++++ Data shown ++++

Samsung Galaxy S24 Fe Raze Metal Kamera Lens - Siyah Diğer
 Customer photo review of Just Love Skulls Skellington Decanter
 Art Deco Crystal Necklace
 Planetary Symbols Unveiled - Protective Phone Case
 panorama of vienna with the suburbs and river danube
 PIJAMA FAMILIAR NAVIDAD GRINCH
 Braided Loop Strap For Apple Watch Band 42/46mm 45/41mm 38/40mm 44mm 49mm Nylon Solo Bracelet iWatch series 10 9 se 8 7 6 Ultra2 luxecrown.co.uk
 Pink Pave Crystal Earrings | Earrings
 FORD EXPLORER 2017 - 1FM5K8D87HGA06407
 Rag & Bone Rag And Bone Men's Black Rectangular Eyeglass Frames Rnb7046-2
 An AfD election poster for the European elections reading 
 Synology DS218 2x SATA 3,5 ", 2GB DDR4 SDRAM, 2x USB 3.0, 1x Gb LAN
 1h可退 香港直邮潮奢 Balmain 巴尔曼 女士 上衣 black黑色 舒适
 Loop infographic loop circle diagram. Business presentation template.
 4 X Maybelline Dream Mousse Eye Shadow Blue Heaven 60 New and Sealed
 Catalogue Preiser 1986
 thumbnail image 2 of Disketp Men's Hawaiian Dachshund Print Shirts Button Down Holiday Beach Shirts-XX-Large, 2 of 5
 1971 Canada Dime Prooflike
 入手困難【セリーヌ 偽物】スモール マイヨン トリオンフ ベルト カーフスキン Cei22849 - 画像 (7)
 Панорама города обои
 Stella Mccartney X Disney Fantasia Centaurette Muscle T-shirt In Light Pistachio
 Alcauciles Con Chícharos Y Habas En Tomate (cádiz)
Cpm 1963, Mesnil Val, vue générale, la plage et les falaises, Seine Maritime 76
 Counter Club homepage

++++

What you will do: Could you output every entry from the listing above without altering a word?

Final answer:
Samsung Galaxy S24 Fe Raze Metal Kamera Lens - Siyah Diğer
 Customer photo review of Just Love Skulls Skellington Decanter
 Art Deco Crystal Necklace
 Planetary Symbols Unveiled - Protective Phone Case
 panorama of vienna with the suburbs and river danube
 PIJAMA FAMILIAR NAVIDAD GRINCH
 Braided Loop Strap For Apple Watch Band 42/46mm 45/41mm 38/40mm 44mm 49mm Nylon Solo Bracelet iWatch series 10 9 se 8 7 6 Ultra2 luxecrown.co.uk
 Pink Pave Crystal Earrings | Earrings
 FORD EXPLORER 2017 - 1FM5K8D87HGA06407
 Rag & Bone Rag And Bone Men's Black Rectangular Eyeglass Frames Rnb7046-2
 An AfD election poster for the European elections reading 
 Synology DS218 2x SATA 3,5 ", 2GB DDR4 SDRAM, 2x USB 3.0, 1x Gb LAN
 1h可退 香港直邮潮奢 Balmain 巴尔曼 女士 上衣 black黑色 舒适
 Loop infographic loop circle diagram. Business presentation template.
 4 X Maybelline Dream Mousse Eye Shadow Blue Heaven 60 New and Sealed
 Catalogue Preiser 1986
 thumbnail image 2 of Disketp Men's Hawaiian Dachshund Print Shirts Button Down Holiday Beach Shirts-XX-Large, 2 of 5
 1971 Canada Dime Prooflike
 入手困難【セリーヌ 偽物】スモール マイヨン トリオンフ ベルト カーフスキン Cei22849 - 画像 (7)
 Панорама города обои
 Stella Mccartney X Disney Fantasia Centaurette Muscle T-shirt In Light Pistachio
 Alcauciles Con Chícharos Y Habas En Tomate (cádiz)
Cpm 1963, Mesnil Val, vue générale, la plage et les falaises, Seine Maritime 76
 Counter Club homepage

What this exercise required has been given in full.